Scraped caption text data
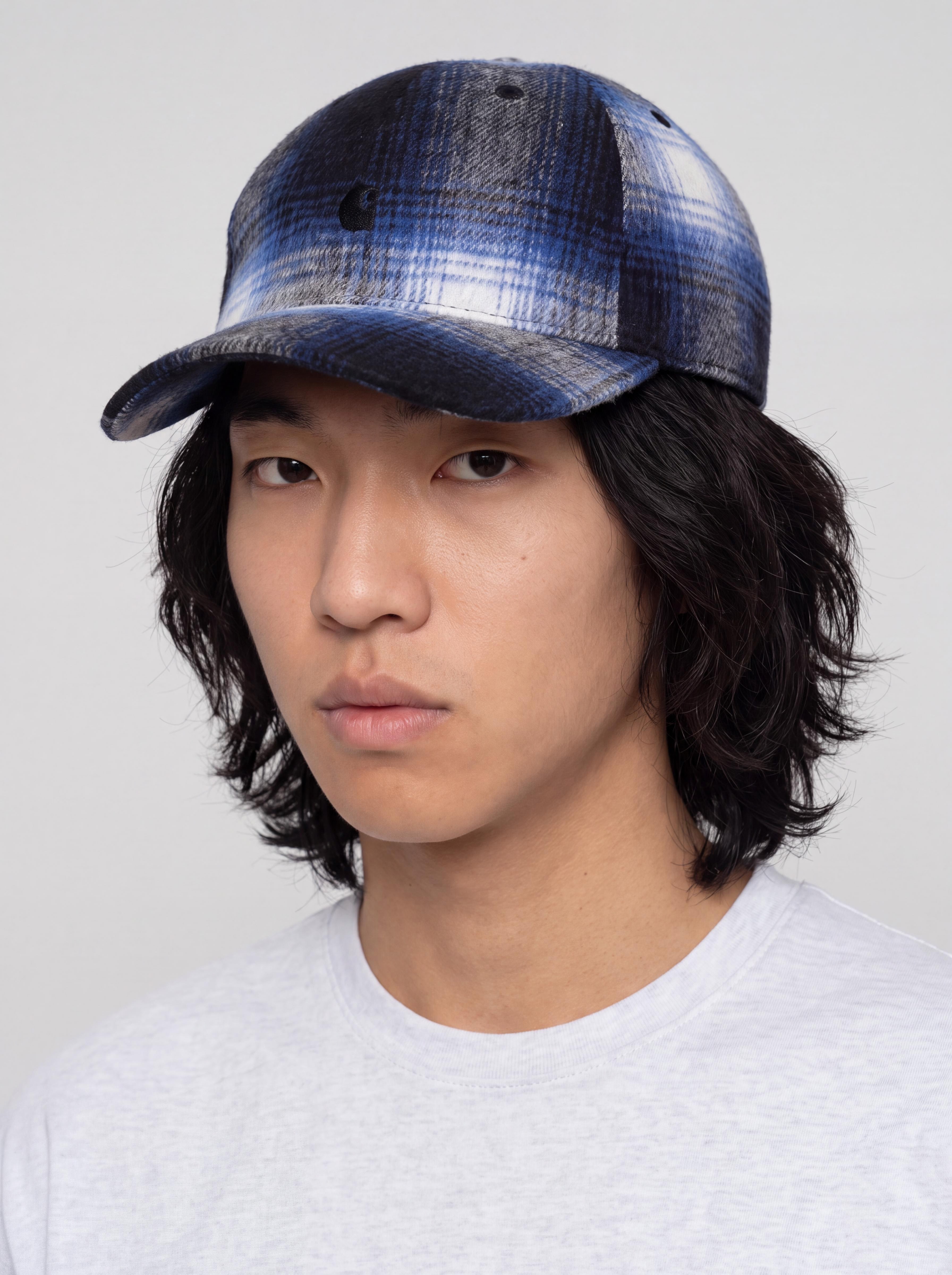 Șapcă Carhartt WIP Moreau (moreau check liberty/black)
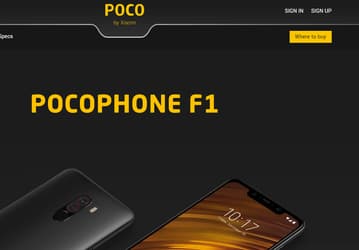 Xiaomi объявила о независимости бренда Poco, ждем Pocophone F2
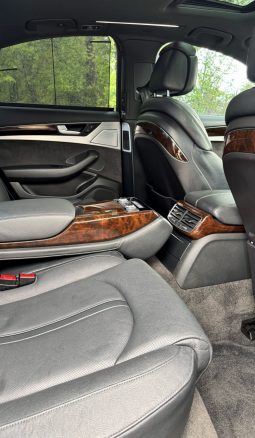 2015 Audi A8 3.0T full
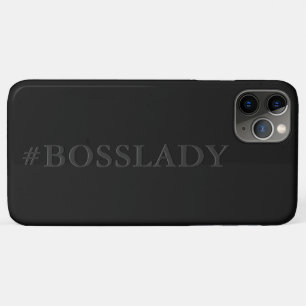 Case-Mate iPhone Case Chic Noir Gris Foncé Attitude Fantaisiste Wordart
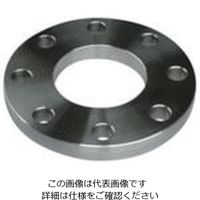 イノック さし込み溶接フランジ SUS304 FF 20K 200A 304FF20K200A 1枚 806-4255（直送品）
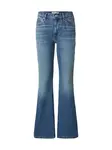 Free People Džínsy 'WEST COAST'  modrá denim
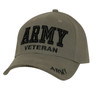Rothco Deluxe Low Profile Army Veteran Cap
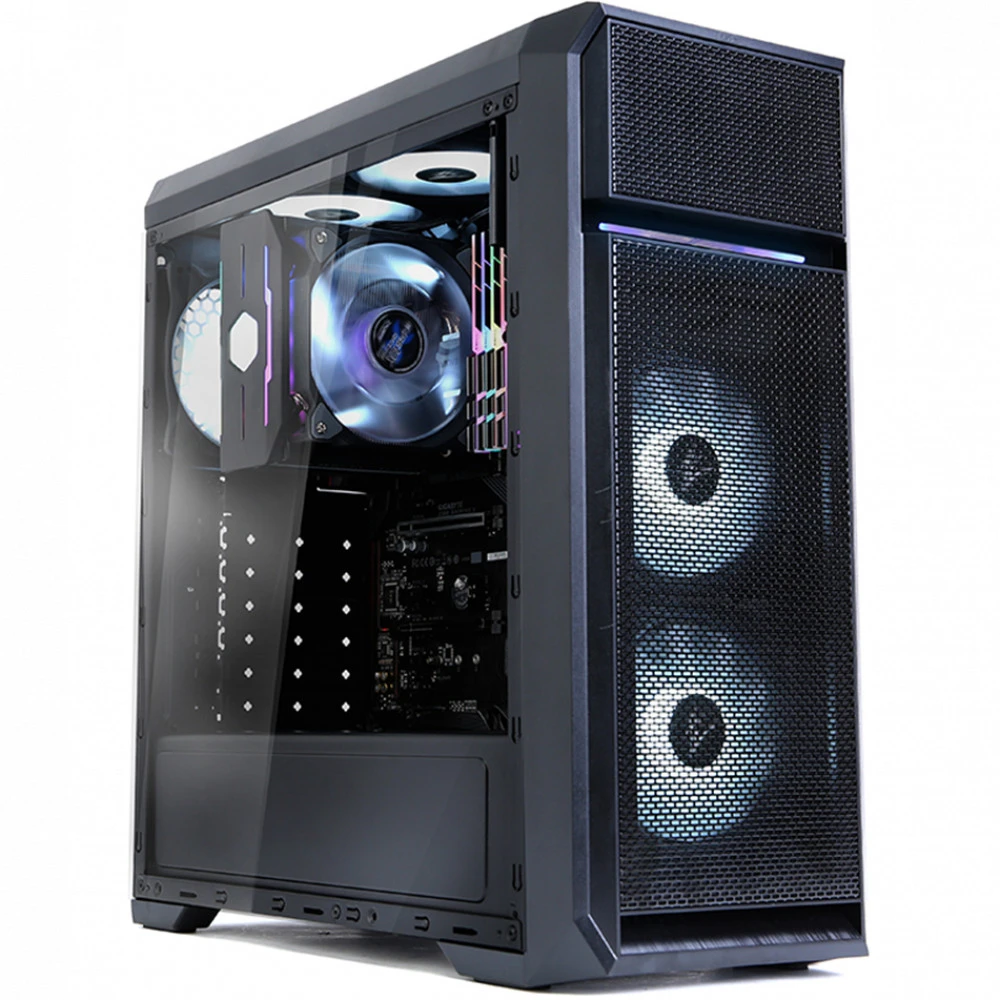 Корпус Zalman N5 OF N5OF Mid-Tower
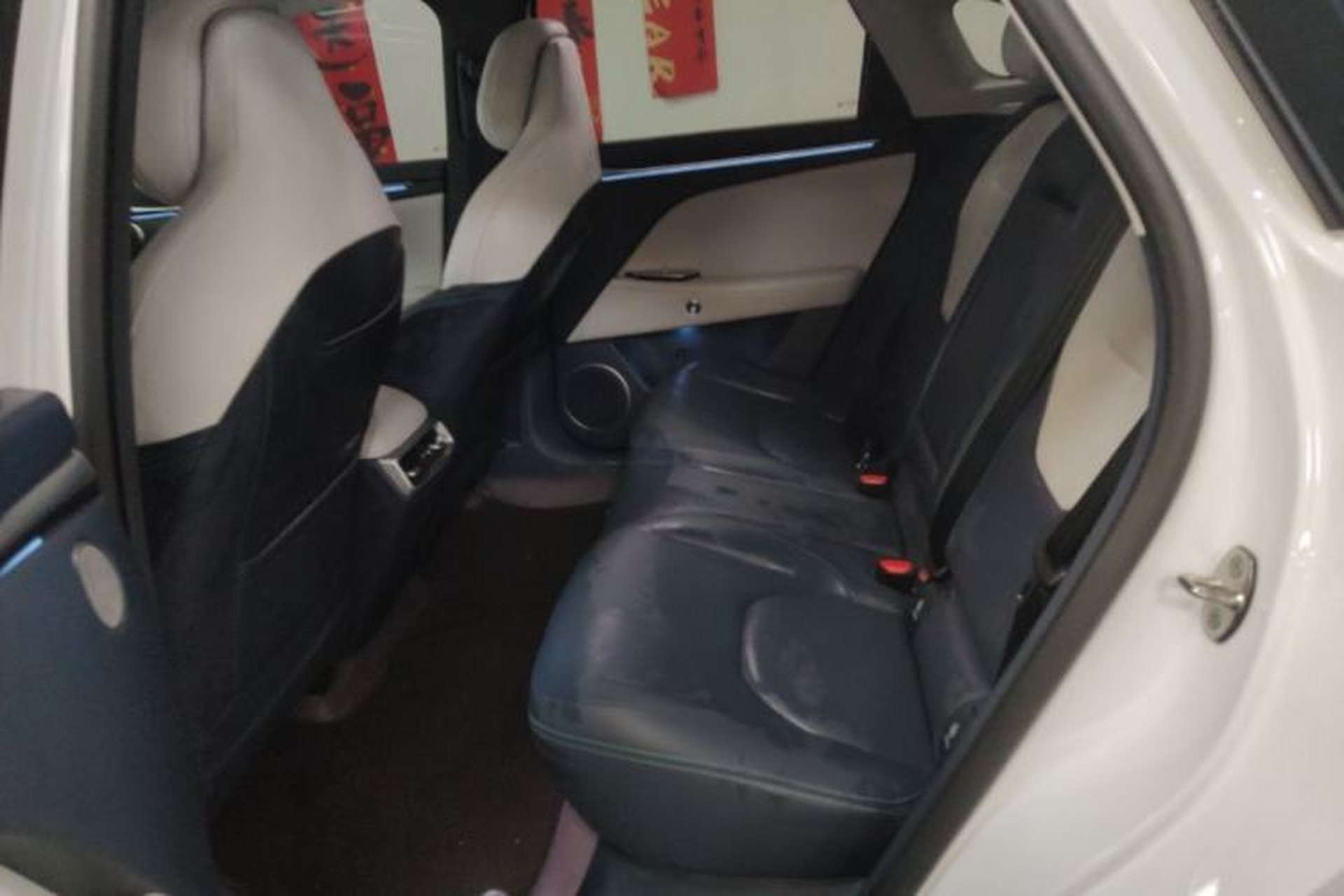 Used ARCFOX Alpha T5 2024 660 MAX Left Rear Seat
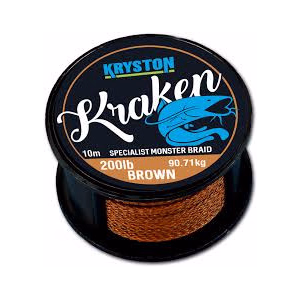KRYSTON Kraken Brown 10m 200lb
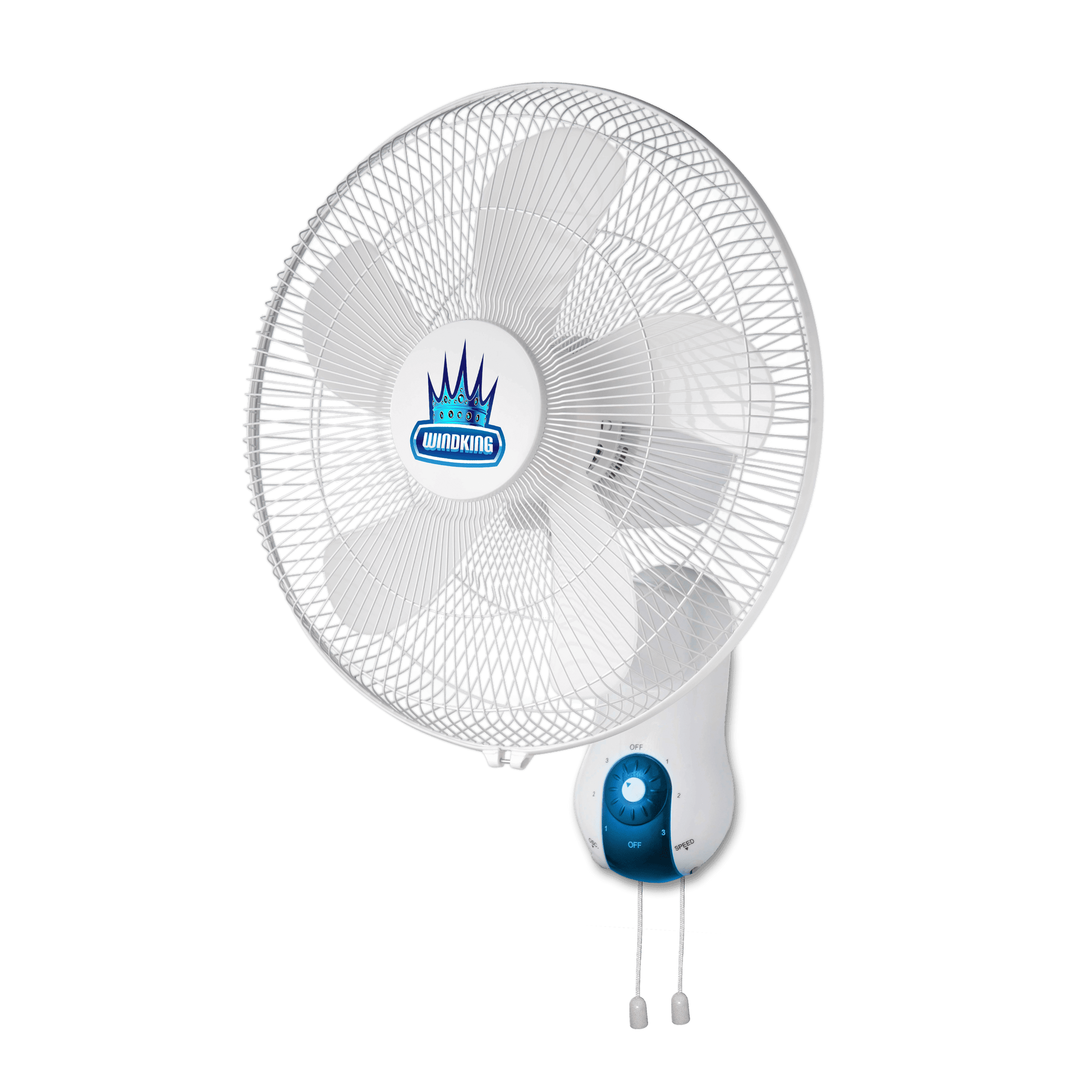 Wind King Wall Mount Fan - 16 Inch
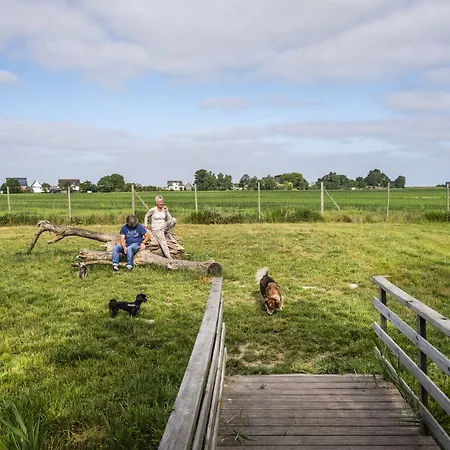 Hotel, Restaurant, Cafe Pharisaeerhof - Nordseeurlaub Mit Hund ホテル 3*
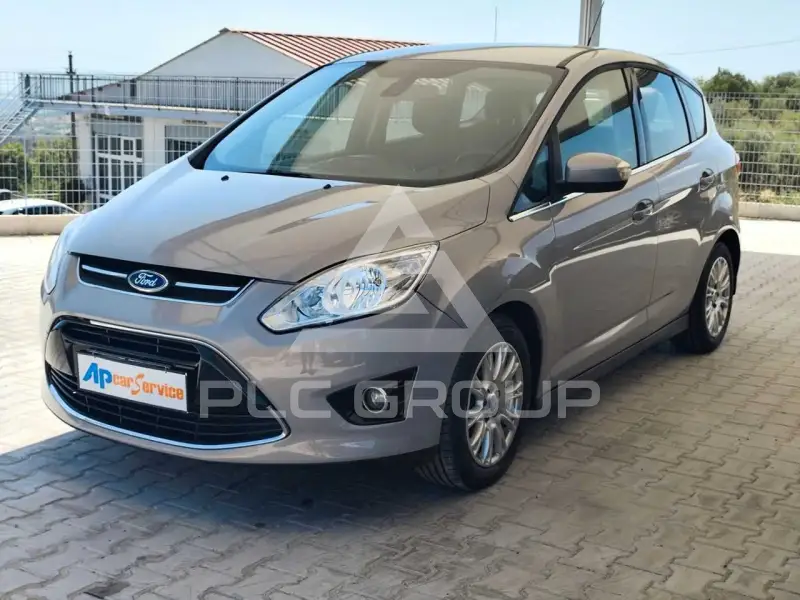 2011 Ford C-MAX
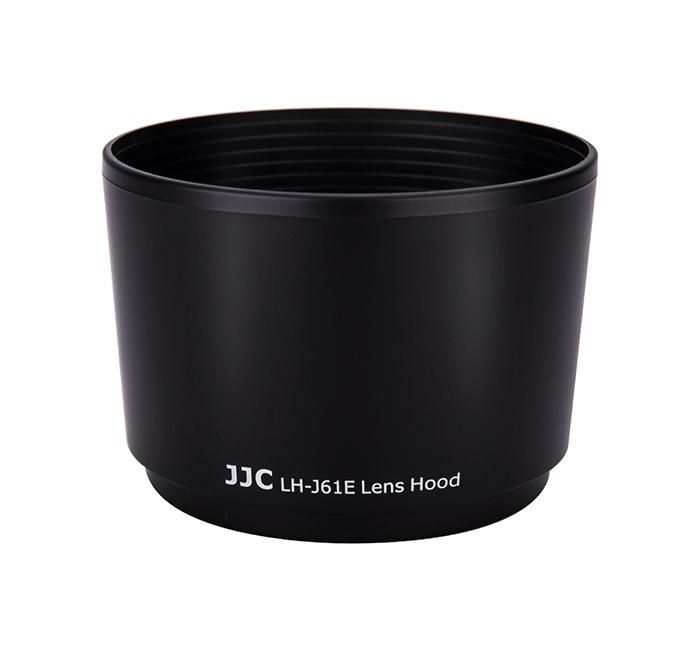 JJC LH-J61E Lens Hood - 30cm, Round, Black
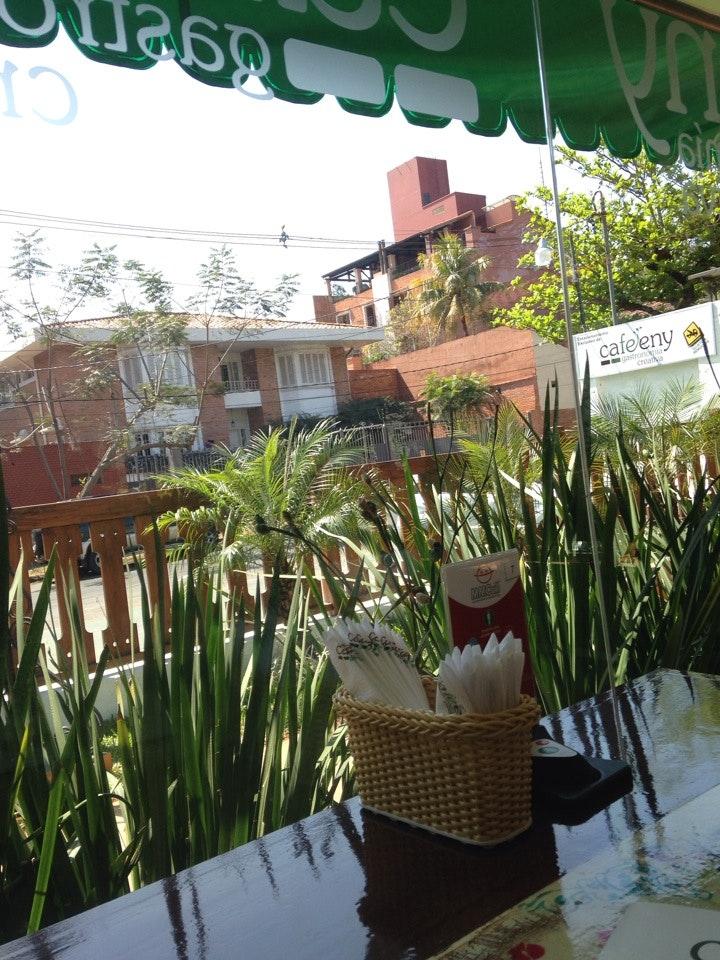 Cafe Eny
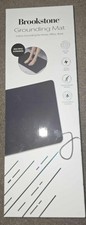 NIB Brookstone Grounding Mat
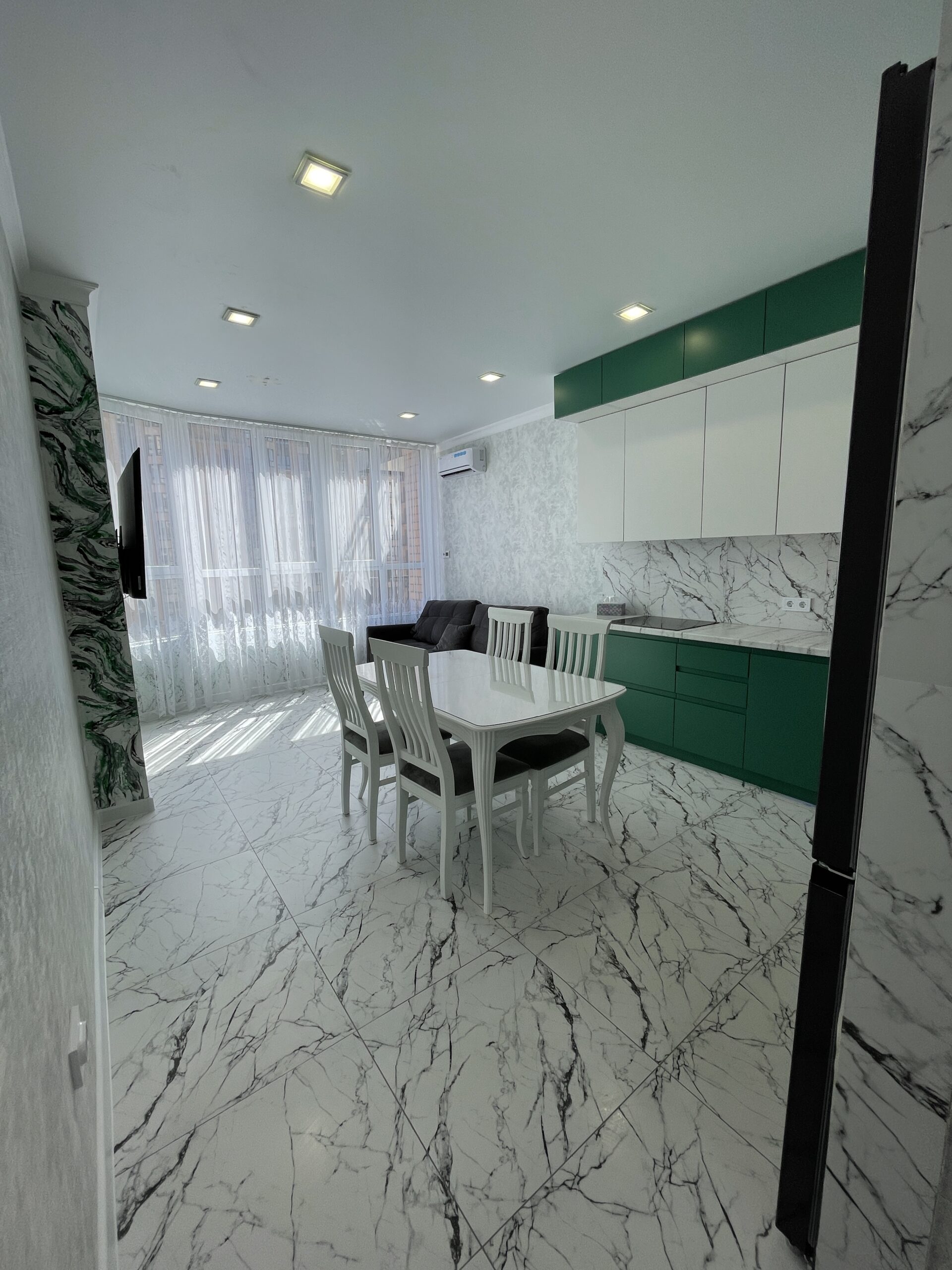 2-комнатная квартира 60 м² — фото 10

DESCRIPTION OF THE TASK: Word for word, restate the lines from the one containing "KRYSTON Kraken Brown 10m 200lb" through the end of the entries. Do not include pictures.

THE COMPLETED TASK:
KRYSTON Kraken Brown 10m 200lb
 Wind King Wall Mount Fan - 16 Inch
 Hotel, Restaurant, Cafe Pharisaeerhof - Nordseeurlaub Mit Hund ホテル 3*
 2011 Ford C-MAX
 JJC LH-J61E Lens Hood - 30cm, Round, Black
 Cafe Eny
 NIB Brookstone Grounding Mat
 2-комнатная квартира 60 м² — фото 10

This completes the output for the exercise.